### WHAT YOU NEED TO DO
Go to the line holding "Dishes stored in the cupboard 132609591" in the data below and repeat it exactly, then each line after it up to and including the one holding "Student standing in". Omit pictures.

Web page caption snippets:

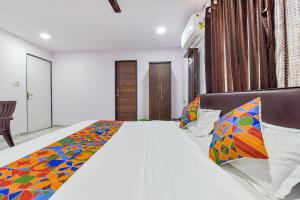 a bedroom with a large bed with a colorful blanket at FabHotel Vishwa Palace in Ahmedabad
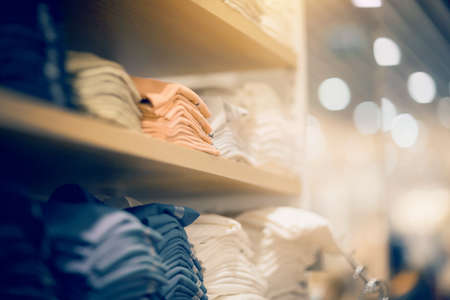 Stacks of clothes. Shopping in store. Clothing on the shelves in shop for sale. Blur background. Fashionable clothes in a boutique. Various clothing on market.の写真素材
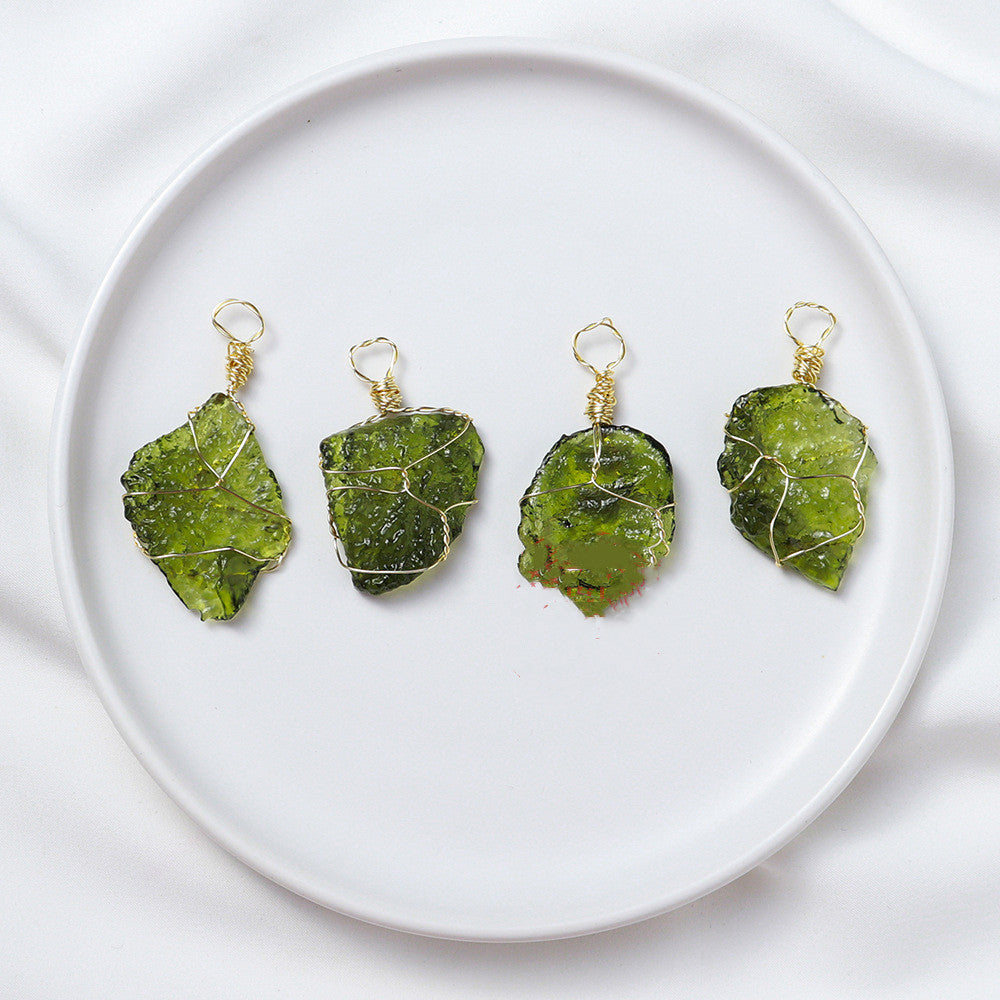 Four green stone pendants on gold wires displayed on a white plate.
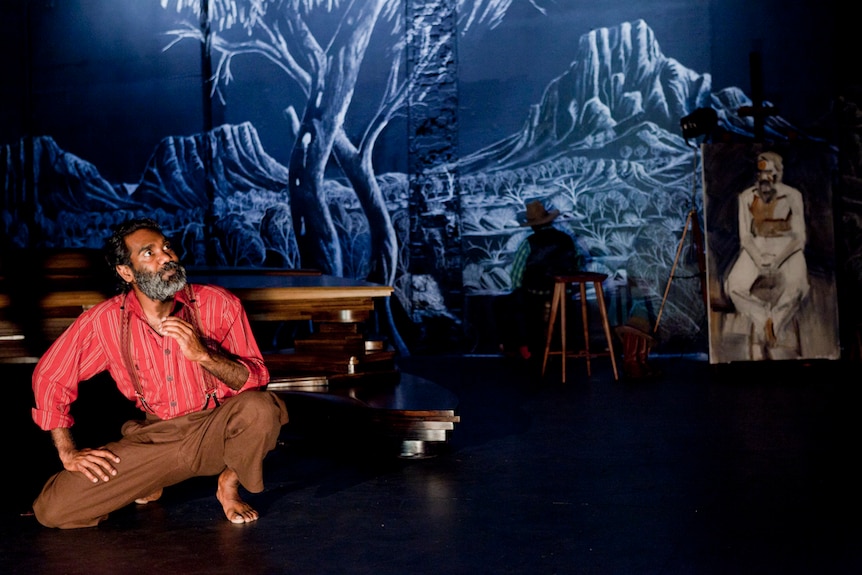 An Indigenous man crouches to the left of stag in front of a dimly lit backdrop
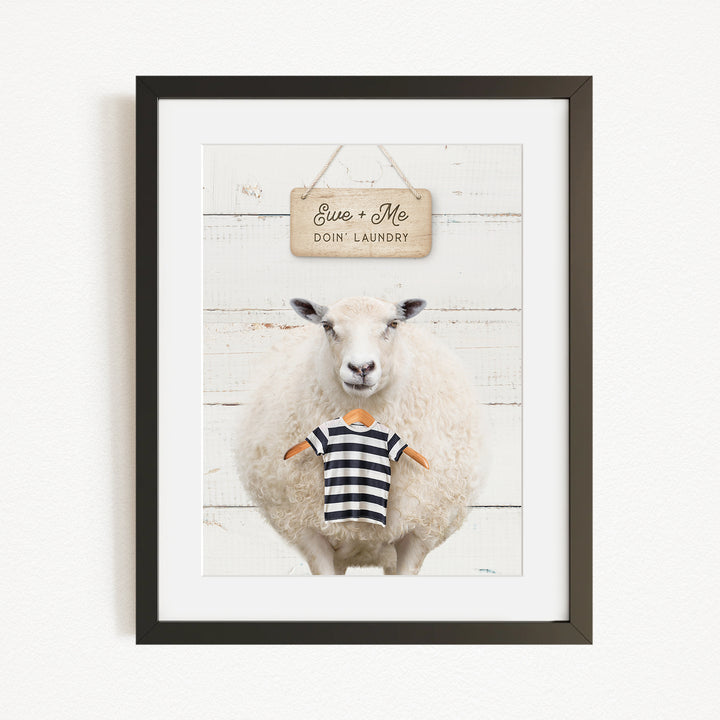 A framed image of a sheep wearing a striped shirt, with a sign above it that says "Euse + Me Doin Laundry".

==

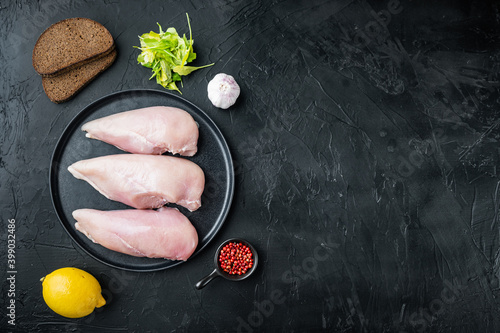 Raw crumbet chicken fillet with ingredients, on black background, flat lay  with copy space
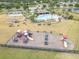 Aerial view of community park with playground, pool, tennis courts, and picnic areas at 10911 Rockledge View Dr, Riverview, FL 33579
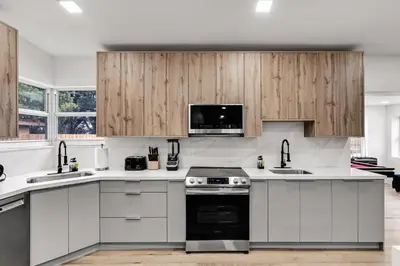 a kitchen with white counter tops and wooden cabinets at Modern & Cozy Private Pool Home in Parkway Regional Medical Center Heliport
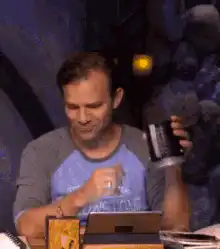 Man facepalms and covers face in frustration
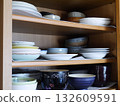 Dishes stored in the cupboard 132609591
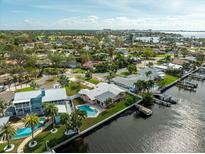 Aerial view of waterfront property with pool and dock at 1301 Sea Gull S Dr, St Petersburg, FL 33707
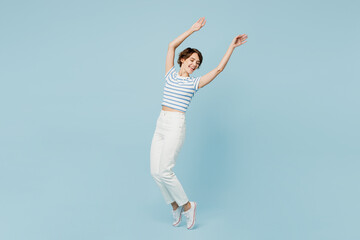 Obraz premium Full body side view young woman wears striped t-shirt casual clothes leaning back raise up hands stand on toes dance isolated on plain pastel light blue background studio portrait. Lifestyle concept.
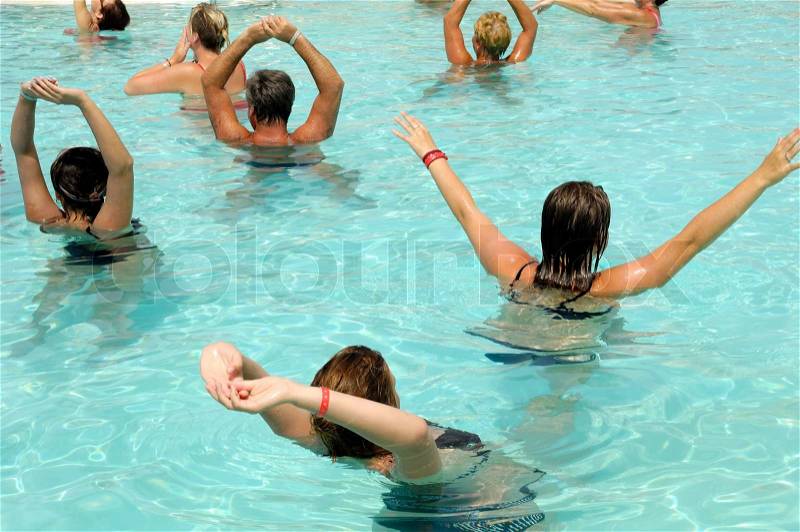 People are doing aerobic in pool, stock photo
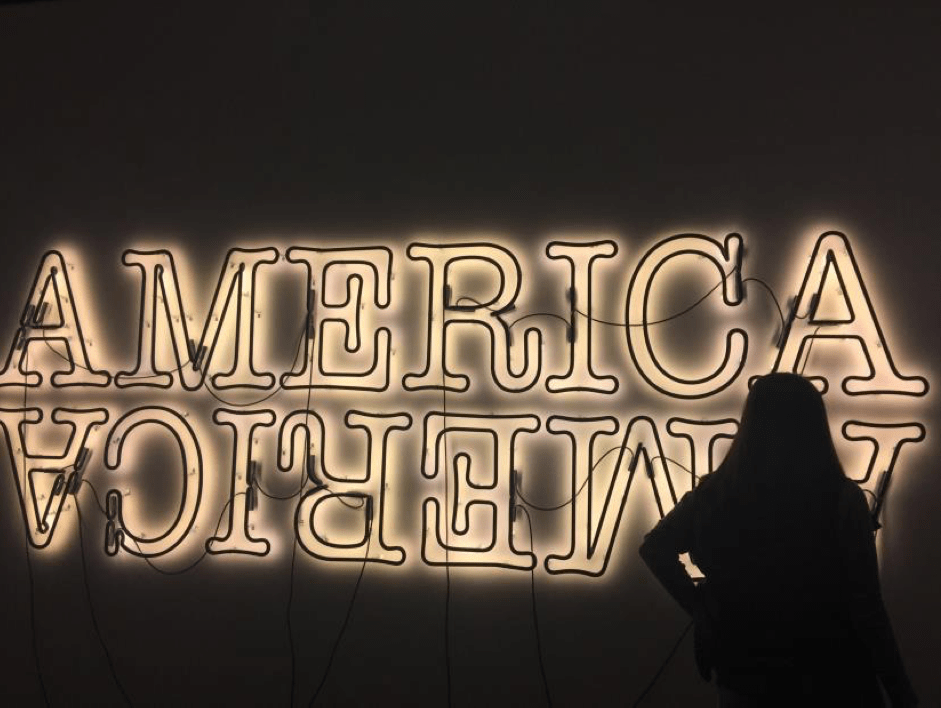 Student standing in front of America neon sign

### WRITTEN RESPONSE
 Dishes stored in the cupboard 132609591
 Aerial view of waterfront property with pool and dock at 1301 Sea Gull S Dr, St Petersburg, FL 33707
 Obraz premium Full body side view young woman wears striped t-shirt casual clothes leaning back raise up hands stand on toes dance isolated on plain pastel light blue background studio portrait. Lifestyle concept.
 People are doing aerobic in pool, stock photo
 Student standing in front of America neon sign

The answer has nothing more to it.